Aradan geçen birkaç dakika ona bir ömür gibi gelirken "Nerede kaldı lan bu doktor!" diye tüm katı inletti.

Neyse ki korumalar dışında kat boştu da insanların kulak sağlıkları iyi durumdaydı. Korumalar mı? Onlar alışmıştı...

Mert'in kükremeseni asansörden duyan doktor titrek adımlarla patronunun odasına girdi. Adamdan normal durumda bile korkuyorken, şimdi karısına müdahale edecek olmak iliklerine kadar titretiyordu.

Hoş, sanırım Mert'ten korkmayan sadece Arya vardı...

Doktor gerekli muayeneleri yaptıktan sonra çantasından çıkardığı materyallerle damar yolu açacakken Mert büyük bir panikle "Napıyorsun sen!?" diye atladı.

Doktor titreyen sesi ile "Damar yolu açacağım Mert bey, serum takmam gerek." dedi.

Mert "Yanlış bir şey yaparsan ya da canını acıtırsan seni öldürürüm!" diye tıslayıp karısına doğru adımladı. Arya'nın eskisine oranla incecik olan bedenini tek eliyle doğrulttu, üzerindeki ceketi çıkarıp yavaş bir şekilde yatırdıktan sonra, dudaklarını genç kadının alnına bastırıp kokusunu içine çekti.
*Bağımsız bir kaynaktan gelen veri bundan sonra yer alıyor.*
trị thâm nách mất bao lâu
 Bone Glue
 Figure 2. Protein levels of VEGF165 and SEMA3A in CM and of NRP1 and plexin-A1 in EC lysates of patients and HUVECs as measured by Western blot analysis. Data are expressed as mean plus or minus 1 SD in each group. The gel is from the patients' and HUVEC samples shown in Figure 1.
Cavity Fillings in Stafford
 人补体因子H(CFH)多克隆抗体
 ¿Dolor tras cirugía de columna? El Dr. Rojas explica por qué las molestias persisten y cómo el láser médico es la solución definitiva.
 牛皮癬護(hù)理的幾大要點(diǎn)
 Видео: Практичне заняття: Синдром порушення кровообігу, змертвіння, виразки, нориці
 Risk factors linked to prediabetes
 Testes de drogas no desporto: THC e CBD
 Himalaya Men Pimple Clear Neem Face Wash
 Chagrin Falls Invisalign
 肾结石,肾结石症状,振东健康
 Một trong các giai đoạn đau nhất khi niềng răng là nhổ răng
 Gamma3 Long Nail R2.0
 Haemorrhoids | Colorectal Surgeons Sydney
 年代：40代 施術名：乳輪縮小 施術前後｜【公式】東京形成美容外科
Doktora dönüp "Dikkat et!" diye tısladığında adam gergin bir şekilde yutkunmuştu.

Duruma el atması gerektiğini hisseden Hasan Mert'i kolundan kavrayıp çekiştirerek giyinme odasına soktu. Kapıyı kapattıktan sonra  "Bi dur lan! Adamı daha çok geriyorsun!" diye cemkirdi.

Mert "Kollarıma yığıldı lan!" diye bağırdı. Derin bir nefes alıp "Sikik inadım yüzünden günlerdir yanına gelemedim. Şu hâline bak bembeyaz olmuş!" diye bağırarak devam etti.

Hasan "Inat etmeseydin lan o zaman! Defolup gidip özür dileseydin, afettirseydin kendini!" diye çıkıştı. Evet en yakın arkadaşıydı ama Arya'nın haklı olduğunu da biliyordu.

Mert artık kısılan sesiyle "Yapamadım lan işte! Yapabilsem her gece onun uyumasını bekleyip gizli gizli sever miydim? Öpmeye korkuyordum lan uyanır diye" dedi.

Hasan derin bir nefes alıp "Biliyorum senin için çok zor ama sırf ben kimseden özür dilemem takıntın yüzünden kaybettiklerin yetmedi mi? Arya'yı da kaybetmeyi göze alabilecek misin Mert?" diye sordu.

Cevabını çok iyi biliyordu ama arkadaşının artık hissettiklerini Arya'ya da hissettirmesi gerekiyordu ve bunun için biraz iteklenmeye ihtiyacı vardı.

Sessiz kalan arkadaşına karşılık "Arya geldiğinden beri kendine geldin farkında değil misin? Yıllardır maximum kaç saat uyuyorsun? Ben söyleyeyim iki, hadi taş catlasın üç. O da şansın varsa. Peki karınla uyurken kaç saat uyuyorsun Mert?" diye sordu bu defa.

Mert öfkeli bakışlar atarak "Altı" diye tısladı.

Karısına ne olduğunu bile bilmiyordu ama şu an konuştukları konunun saçmalığı... Sırası mıydı şimdi nutuk çekmenin?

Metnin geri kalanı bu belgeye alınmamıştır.